From Jerry Hammond, Tacoma, WA
As economists forecast a recession, businesses continue to look for ways to increase their profits and lower their effective tax rates. States are also looking for innovative ways to keep businesses thriving.
Many state governments and local communities help businesses grow and expand by offering various credits or incentives for routine investments, for workforce training, or for more targeted behaviors, such as locating in an enterprise zone. Forty-five states offer tax incentives for job creation and/or industrial investments, and 47 states offer some type of training assistance for employees.
Credits and incentives come in a variety of flavors. Some credits or incentives are “plain vanilla”—they do not require much interaction between the government and the business. Statutory credits are examples of this type. Other credits and incentives require some distinct involvement from business and/or government. Training grants and incentives are good examples of such distinct involvement. Other incentives require more substantive involvement by many parties. Negotiated incentives require significant effort from both government and businesses.
How Good Is “Plain Vanilla”?
Often the “plain vanilla” credits or incentives are best because they require only moderate interaction between business and government to claim the credits.

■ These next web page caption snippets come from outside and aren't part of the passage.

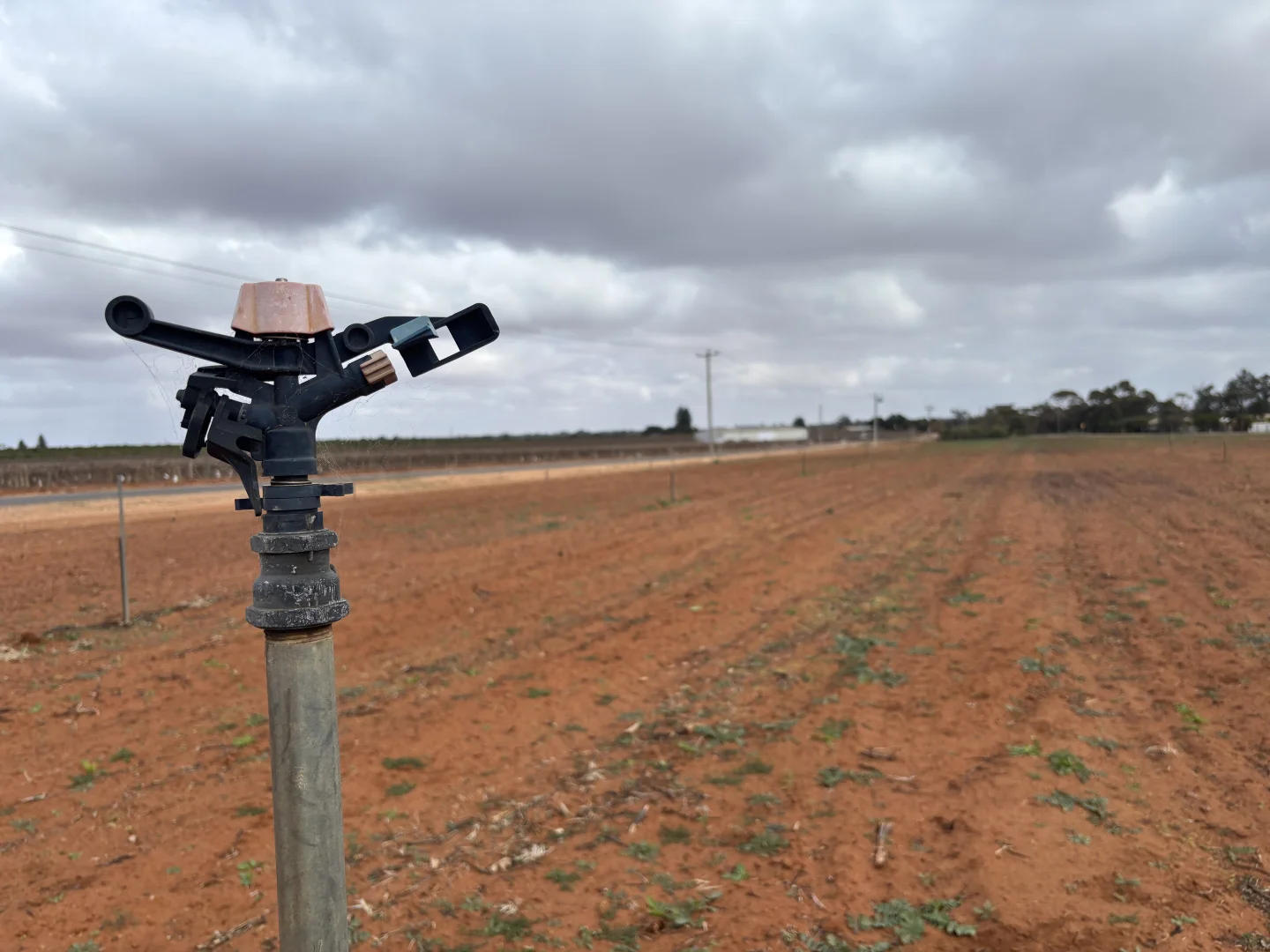 Additional image 3 of Tallawalla Road, Coomealla NSW 2717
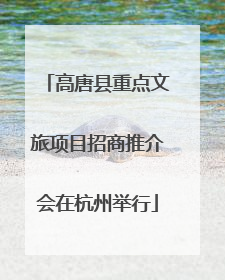 高唐县重点文旅项目招商推介会在杭州举行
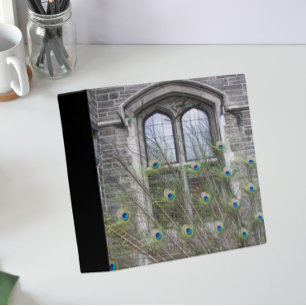 Peacock Feathers and Gothic Windows 3 Ring Binder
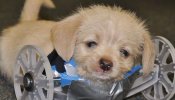 'Tumbles', el cachorro sin dos patas que camina gracias a la tecnología 3D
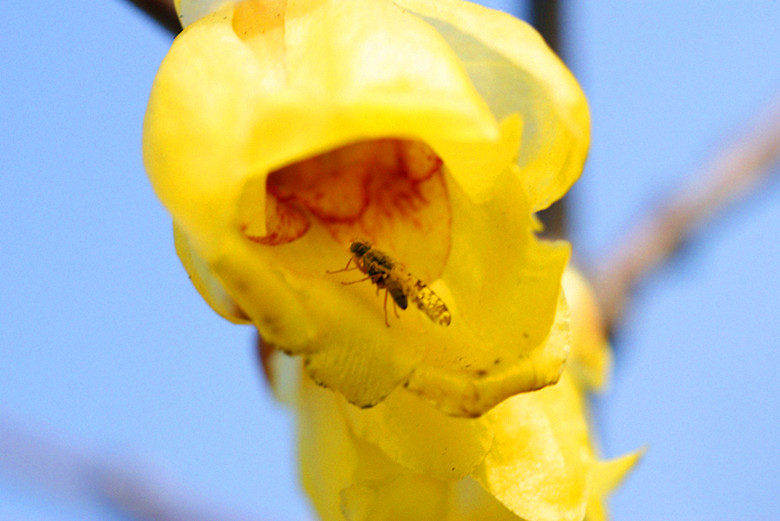 DSC02876_.jpg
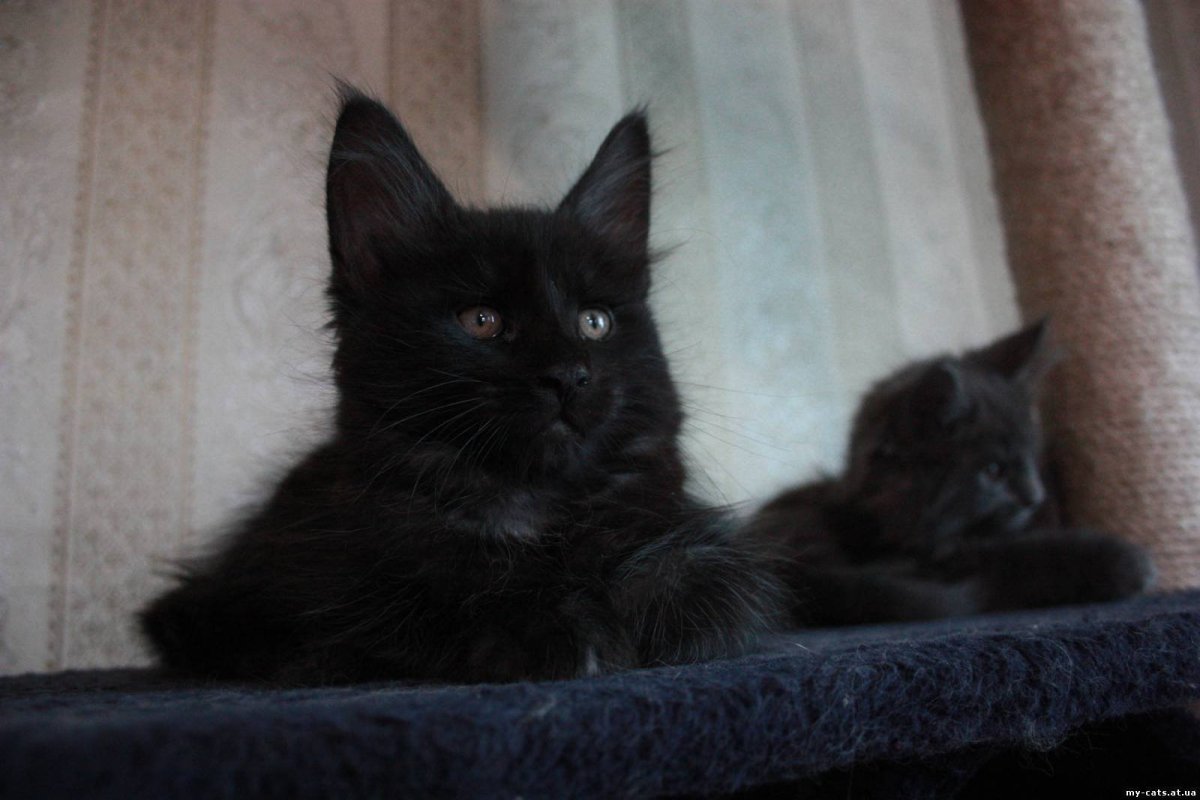 Помись ориетала и мейкуна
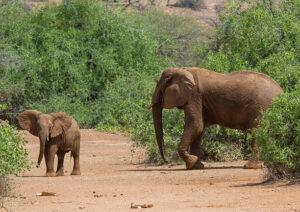 Africa Kenya and Tanzania safari tours Safari Preparation Tips Kenya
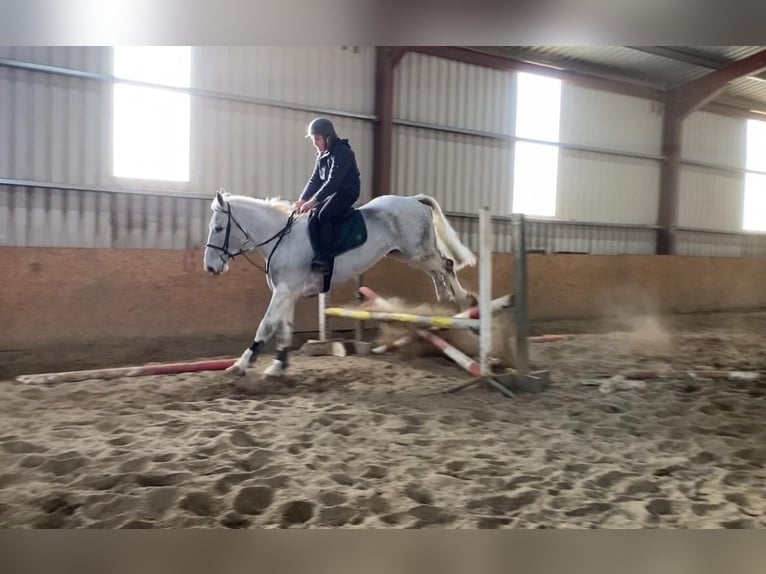 Cheval de trait Hongre 7 Ans 170 cm Gris in Sligo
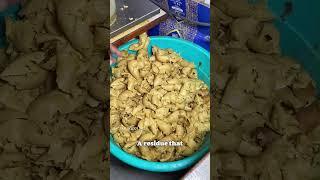 Secrets Behind Cold Pressed Mustard Oil! | Neerja Explainer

For example, the California Enterprise Zone (CAEZ) benefits are among some of the most lucrative statutory benefits in the country and are offered to all businesses operating a trade or business within an enterprise zone. If a business is located in one of the state’s 42 enterprise zones, it can receive a tax credit of over $37,400 (over a five-year period, assuming employees work 2,080 hours and make $12 per hour) for each qualified employee it hires, certifies, and retains (Cal. Rev. & Tax. Code §23622.7). Unlike some state credit programs, it is not necessary for the employee to remain employed for the entire five years in order for the company to generate some of the credits. The credit is a function of the number of hours worked and the wage rate paid to the qualified employees for the time they are employed, not exceeding 60 months. In addition, a corporation operating in a CAEZ can generate a tax credit equal to the sales/use tax paid (generally between 7.25% and 8.75%) of the equipment cost to purchase up to $20 million of qualified property. For individuals, estates, trusts, and partnerships, the limitation on qualified purchases is decreased to $1 million of qualified property (Cal. Rev. & Tax. Code §§23612.2 and 17053.70).

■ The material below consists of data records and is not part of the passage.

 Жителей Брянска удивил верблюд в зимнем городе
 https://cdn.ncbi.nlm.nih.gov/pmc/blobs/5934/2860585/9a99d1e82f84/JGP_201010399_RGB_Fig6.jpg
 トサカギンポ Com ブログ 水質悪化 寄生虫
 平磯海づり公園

With its CAEZ program, California is among many states taking an active approach to helping businesses in distressed areas. In late 2006, California’s Housing and Community Development Department (HCD) designated 23 new enterprise zones (EZs) through-out the state at a time when the program was under heavy scrutiny by the legislature and taxing authorities. HCD plans to designate another eight EZs in early 2008 to head off a gap that otherwise would be created by eight EZs set to expire in the near future. This will keep the number of California EZs at 42—the maximum number authorized by the state.
Incentives That Require Involvement
For years, states have helped companies improve their workforces by funding training incentive programs for their employees. These programs continue to grow in popularity as economic tools for state and local government officials to attract and retain businesses. While training programs differ from state to state, they have several common elements: Training is from the employer’s perspective, its focus is on the well-being of the employees, and its goal is to improve the skills of the workers. Successful training programs improve worker productivity, increase product or service quality, reduce the company’s operating expenses, and enhance the attraction and retention of valued employees.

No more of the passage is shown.